COURTESY OF THE ARTIST AND MUSEO TAMAYO/PHOTO: NICK ASH
Portugal has tapped the Lisbon-born, Berlin-based artist Leonor Antunes for its pavilion at the 58th Venice Biennale, which will run from May 11 through November 24.
Antunes’s work tends to toward a strain of Post-Minimal sculpture and installation that is informed by histories of architecture and design as well as traditional crafts. What does she have planned for Venice, a place rich in all those things? Here’s a bit of the official announcement:
The exhibition’s point of departure is Antunes’s significant research into key figures in the cultural history of Venice, such as the architects and designers Carlo Scarpa, Franco Albini, and Franca Helg, as well as the legacies of the patronage of Savina Masieri and architecture of Egle Trincanato, who were both active in the city in the postwar period.
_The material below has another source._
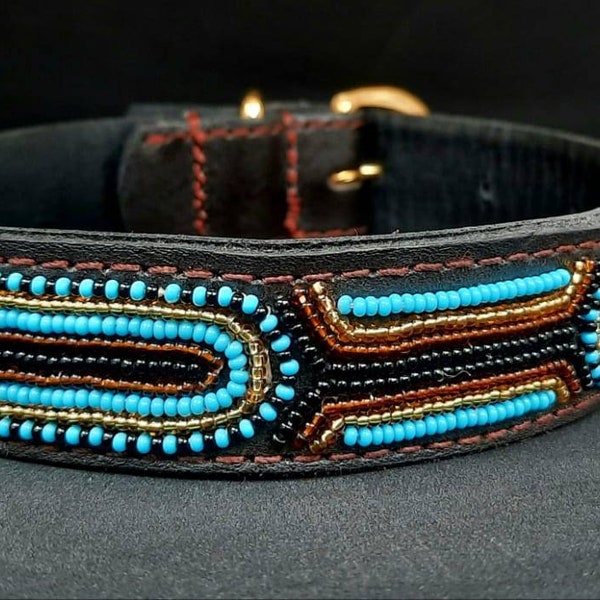 Dog Collar, Leather Dog Collar, Beaded Dog Collar , Masai, Dog collar leather, Pet Gift, Personalized Dog Collar,  African Dog Collar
João Ribas, who stepped down as director of the Serralves Museum of Contemporary Art in Porto last year, will serve as curator of the show, “Leonor Antunes: a seam, a surface, a hinge, or a knot,” which will be housed at the Palazzo Giustinian Lolin. The official commissioner is the Directorate-General for the Arts of Portugal’s Ministry of Culture.
Antunes will arrive in Venice fresh off a string of recent one-person shows, at the Pirelli HangarBicocca in Milan and Museo Tamayo in Mexico City (in 2018), the Whitechapel Gallery in London (2017), Tensta Konsthall in Stockholm (2017), and the San Francisco Museum of Modern Art (2016).